Re: Re: DDDA / Docklands Miscellany

Home Forums Ireland DDDA / Docklands Miscellany Re: Re: DDDA / Docklands Miscellany


This is about:

Dragging the property business in Ireland out of the Celtic Tiger and into the modern age.

The modern airplane needs an onboard computer in order to fly. I think that property in Ireland has come to that stage. We need the government to fund a project in order to write the code necessary. We don’t have a building bust in Ireland so much as a cronic shortfall in our ability to gain use out of the large buildings that we build. We haven’t develop a sufficiently robust model for rental in either the commercial or residential sectors. I am not holding my breath for Daft, My Home or any of the developers to come up with these goods either. The trouble is, we have too much financial innovation happening at the wrong stage in the building process. All kinds of weird and wonderful things seem to happen at the point at which debt (read toxid debt) is created. Richard Douthwaite and Feasta can explain that a lot better than I can.

The trouble is we do not have enough finanical innovation aimed at the point where the project is completed and needs to be fully used. In the early history of the Irish state a young fellow named Gordon Clarke wrote the first computer program in Ireland. His job was to cut out a lot of the administration needed in running the sugar beet plants in Ireland. So they invested in some large behemoth computers the size of a room. I saw a print out of what farmers got from this computer. It had to account for all kinds of things. Some farmers were obtaining finanical assistance from the sugar beet plant in order to sow the crop. They also obtained a quantity of molassas from the plant, which presumably was used as cattle feed. They also had to be paid for the beet crop they produced. The computer was needed to calculate and report all of that. Before the computer arrived it took rooms full of people with sheets of paper to do.

A large single tenant is often used in Ireland to disguise the fact that there is basically something wrong with the property management models we are using. When there is a large single tenant the problems seem to go away. But do they really? How sustainable is it for every developer to be producing large floor plates and then hoping to sign up the one tenant. We need robust computer models to calculate costs of floor plate area dynamically for enterprise that will scale up and down in size over the years. We need to provide finance to the business startup, as well as charge for the floor space use. Like we did with the sugar beet farmers so many years ago. Gordon later moved on to work at AerLingus. In those days, it was a really difficult job trying to calculate the value of rapidly depreciating airline tickets. It was another area in which computers found an early application in Ireland and in many countries throughout the world.

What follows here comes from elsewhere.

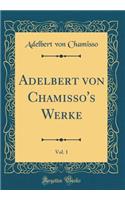 Adelbert von Chamisso's Werke, Vol. 1 (Classic Reprint)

Ireland has the opportunity to become a world pioneer in the area of land valuation and property management. We could turn a big negative, into a big plus if we wanted to. We could sell our product to industry and governments all over the world. We need to think big enough. If we made this a project the state should organise we could tackle all kinds of problems. At the moment we have a couple of voluntary think tanks, a couple of university do-good-ers such as Constantin Gurdgiev looking around for a single PHd student in Dublin to do a thesis on calculating land values. This is hardly the scale of enterprise that is going to crack open this problem for Ireland or anyone else. We need the state to get involved and to think much more ambitious. We need to give all of those unemployed financial wizards and software engineers in Ireland something useful and sustainable to do with their lives. While they are still around to do anything.